We recommend the following measures in light of the findings of our study. Further large-scale explanatory research (both qualitative and quantitative) should be conducted to find out the causes behind poor practice regarding PPE among the healthcare workers of Bangladesh. Appropriate measures should be taken at the policy level to ensure adequate infection prevention and control measures. Training sessions regarding the use of PPE should be arranged on a regular basis. Strong monitoring and evaluation need to be introduced to ensure the proper practice of PPE.
The major limitation of our study was the inability to randomize the participants. In addition, as the study was conducted mainly through an online self-administered questionnaire, we could not observe the practice of PPE use rather had to rely on self-reported assessment for that. Another limitation was that we failed to collect adequate participation from the laboratory technicians and pharmaceuticals; as a result, our study findings regarding the non-physicians mainly represented nurses.
COVID-19 is currently the burning topic all around the world, including Bangladesh, due to its deadly nature.
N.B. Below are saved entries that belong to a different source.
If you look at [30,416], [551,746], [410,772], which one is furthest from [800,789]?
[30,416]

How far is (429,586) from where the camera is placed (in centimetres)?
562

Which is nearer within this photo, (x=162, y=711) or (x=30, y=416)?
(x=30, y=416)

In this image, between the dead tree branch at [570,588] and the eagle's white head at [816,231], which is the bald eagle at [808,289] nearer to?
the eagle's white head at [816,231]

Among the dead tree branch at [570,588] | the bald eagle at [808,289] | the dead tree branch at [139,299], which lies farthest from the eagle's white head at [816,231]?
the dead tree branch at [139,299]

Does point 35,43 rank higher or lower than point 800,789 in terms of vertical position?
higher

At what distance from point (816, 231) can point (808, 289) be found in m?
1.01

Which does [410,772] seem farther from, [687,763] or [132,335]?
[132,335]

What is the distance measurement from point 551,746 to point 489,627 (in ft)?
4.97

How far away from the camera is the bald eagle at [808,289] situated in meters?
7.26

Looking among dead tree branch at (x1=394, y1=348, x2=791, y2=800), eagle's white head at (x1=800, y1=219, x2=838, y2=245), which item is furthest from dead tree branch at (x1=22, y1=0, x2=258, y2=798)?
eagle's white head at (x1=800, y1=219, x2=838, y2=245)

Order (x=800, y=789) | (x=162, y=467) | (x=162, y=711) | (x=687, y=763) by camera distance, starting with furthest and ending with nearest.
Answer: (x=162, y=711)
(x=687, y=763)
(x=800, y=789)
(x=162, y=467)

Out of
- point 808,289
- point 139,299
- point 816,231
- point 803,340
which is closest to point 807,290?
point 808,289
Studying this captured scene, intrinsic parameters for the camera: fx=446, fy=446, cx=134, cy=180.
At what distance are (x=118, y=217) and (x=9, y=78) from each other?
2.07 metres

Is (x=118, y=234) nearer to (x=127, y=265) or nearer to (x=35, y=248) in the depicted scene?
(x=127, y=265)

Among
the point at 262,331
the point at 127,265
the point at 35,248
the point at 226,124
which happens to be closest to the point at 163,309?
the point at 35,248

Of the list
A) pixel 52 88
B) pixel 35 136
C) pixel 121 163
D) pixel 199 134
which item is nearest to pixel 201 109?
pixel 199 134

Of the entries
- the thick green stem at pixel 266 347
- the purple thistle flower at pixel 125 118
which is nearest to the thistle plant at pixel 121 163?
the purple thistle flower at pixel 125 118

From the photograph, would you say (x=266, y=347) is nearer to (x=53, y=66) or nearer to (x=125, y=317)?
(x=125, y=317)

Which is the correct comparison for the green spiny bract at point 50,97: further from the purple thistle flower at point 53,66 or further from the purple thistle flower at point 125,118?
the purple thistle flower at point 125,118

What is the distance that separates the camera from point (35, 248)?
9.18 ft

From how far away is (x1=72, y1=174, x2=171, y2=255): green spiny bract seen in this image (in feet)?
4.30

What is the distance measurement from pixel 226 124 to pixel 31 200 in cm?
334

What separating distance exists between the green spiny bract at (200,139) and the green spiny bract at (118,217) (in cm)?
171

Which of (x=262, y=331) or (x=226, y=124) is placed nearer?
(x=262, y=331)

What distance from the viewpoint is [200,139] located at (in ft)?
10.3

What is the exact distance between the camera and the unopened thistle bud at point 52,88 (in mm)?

To mitigate its aftermath, it is now necessary for the government to adopt some immediate steps towards developing and honing positive practices to protect the communities better. To our knowledge, our current study is a unique one where we tried to describe the experience, attitude, and approach of all the frontline HCWs of our country regarding the use of PPE, which is the essential tool for them to be practiced for safekeeping. However, we identified a significant gap in practice toward using PPE among our healthcare workers. Interestingly, we found that education, reading guidelines, and lack of proper training opportunities are the steering factors leading to variation among our study participants. As the global threat of COVID-19 continues, more significant efforts through educational campaigns that target HCWs and the broader population beyond borders are urgently needed in our current context as most of us must adjust to this new normal phenomenon.
A STROBE checklist for this study is available as supplement 4 (Supporting information: Supplement 4).
Available as electronic supplement (Supporting information: Supplement 5).
The study was ethically approved by institution’s review board (IRB)/ethical review committee (ERC) of North South University, Bangladesh (Memo no. 2020/OR-NSU/IRB-No.0803).
The authors acknowledge the participants for providing the information to conduct the study. The authors would like to thank Dr. Mostak Ahmed, Dr. Hadi Zia Uddin, Dr. SK Mahmud Hasan, and Dr. Tamim Al Mishu for helping in the data collection process.
No funding was recieved for this study.
The authors report no conflicts of interest for this work.